CANTON, Ohio -- There was nothing much to conclude from Ricky Williams’ first game after one-year absence from football.

He didn’t start, but that wasn’t a surprise considering he has been working as a backup since the Miami Dolphins opened training camp on July 24.

Ricky WilliamsStill, Williams did receive some prominent playing time as the Dolphins opened their preseason schedule with a 27-24 loss to the Chicago Bears in the AFC-NFC Hall of Fame Game.

The results were far from spectacular for the two-time NFL rushing champion.

Williams had only five carries during his first-half appearance. He finished with eight yards (for an average of 1.6 yards per carry), with his longest gain covering three yards and producing a first down. Williams also caught a two-yard pass.

He sounded as unimpressed with what he did as anyone else who witnessed it.

“I didn’t expect anything to be honest,” Williams said. “It was like always when I play -- it takes me a while to get warmed up.”

On this night, he clearly needed more than five runs.

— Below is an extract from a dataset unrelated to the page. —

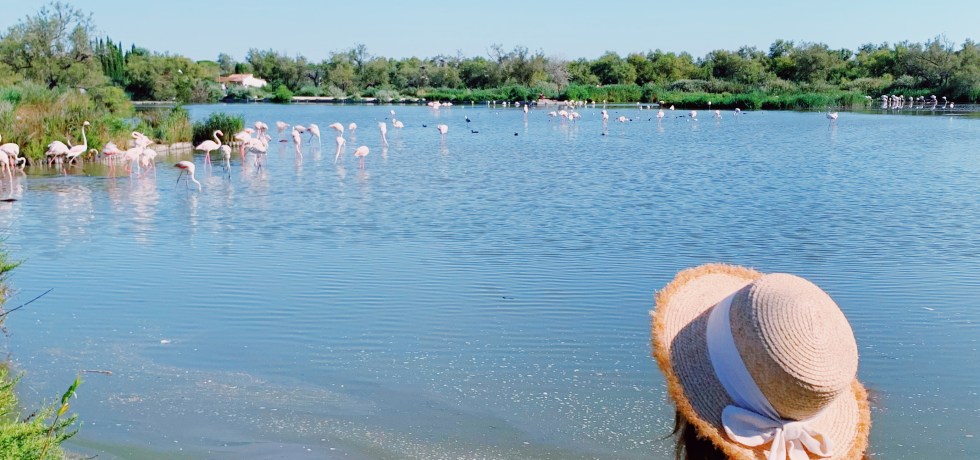 Two Days in Arles and the Camargue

But in the preseason, that is fairly standard for a veteran player -- even one playing for the first time since his shocking retirement just before Miami’s 2004 camp was to open.

It was impossible to tell from the showing whether there truly is any chance of Williams actually helping the Dolphins, who are still without holdout rookie running back and second overall pick Ronnie Brown. Even if the Dolphins decide to keep Williams around for the regular season, he would have to sit out the first four games due to a substance-abuse suspension.

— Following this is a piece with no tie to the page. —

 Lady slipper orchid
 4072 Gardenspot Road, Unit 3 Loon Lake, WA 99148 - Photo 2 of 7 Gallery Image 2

It also was impossible to determine if any of the other NFL teams that are, or might be, in the market for a running back would see Williams’ preseason debut as a reason to give serious consideration to acquiring him if he were to be available in a trade.

For what it is worth, Lamar Gordon, the Dolphins’ starting running back in the Hall of Fame Game, also saw action on special teams. Williams did not.

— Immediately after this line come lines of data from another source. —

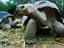 Image_14409-2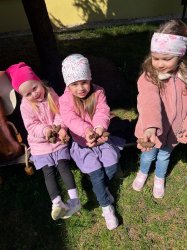 Svetový deň zdravia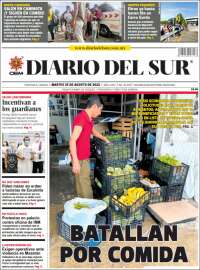 El Diario del Sur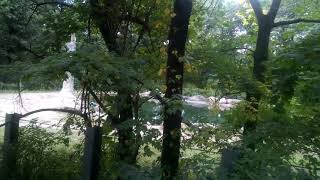Maxine & Patty The Asian Elephants at Bronx Zoo's Wild Asia Monorail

“I didn’t feel rusty,” Williams said. “I was seeing everything good and I felt good. I know the timing and the flow of everything will come, not necessarily in the course of the preseason or when I play, but in the course of the game.”

New Dolphins coach Nick Saban and some Dolphin players have been complimentary of Williams’ work and attitude in training camp.

But all that anyone knows about Williams so far is that he is about 10-15 pounds lighter than his standard playing weight of 225-230 pounds in 2003. The lack of bulk shows because he does not quite have the same power and drive that he did when he last played for the Dolphins.

In his last game against the Bears, on Dec. 9, 2002, Williams ran 31 times for 216 yards and two touchdowns. He would end that season as the Most Valuable Player of the Pro Bowl. But that was a different time and, perhaps, a different Williams.

Or was it?

Defensive end Jason Taylor, for one, likes what he has seen of Williams’ comeback. Taylor has told reporters that he “looks like the Ricky of old. He is not quite as big as he was, but looks fast and quick.”

Fast and quick are nice qualities for a running back, but they are not the qualities that have made Williams a once-premiere talent.

Saban admitted that it wasn’t the sort of game that would shed much significant light on what he has in Williams.

“I didn’t think he had a lot of chances out there,” Saban said. “We didn’t run the ball very effectively. I think, when he was in there, they were kind of gearing up to stop the run.”

Of course, isn’t that what every opponent tries to do against Williams? And isn’t his ability to consistently overcome that challenge why the Dolphins have even bothered to give him a second chance?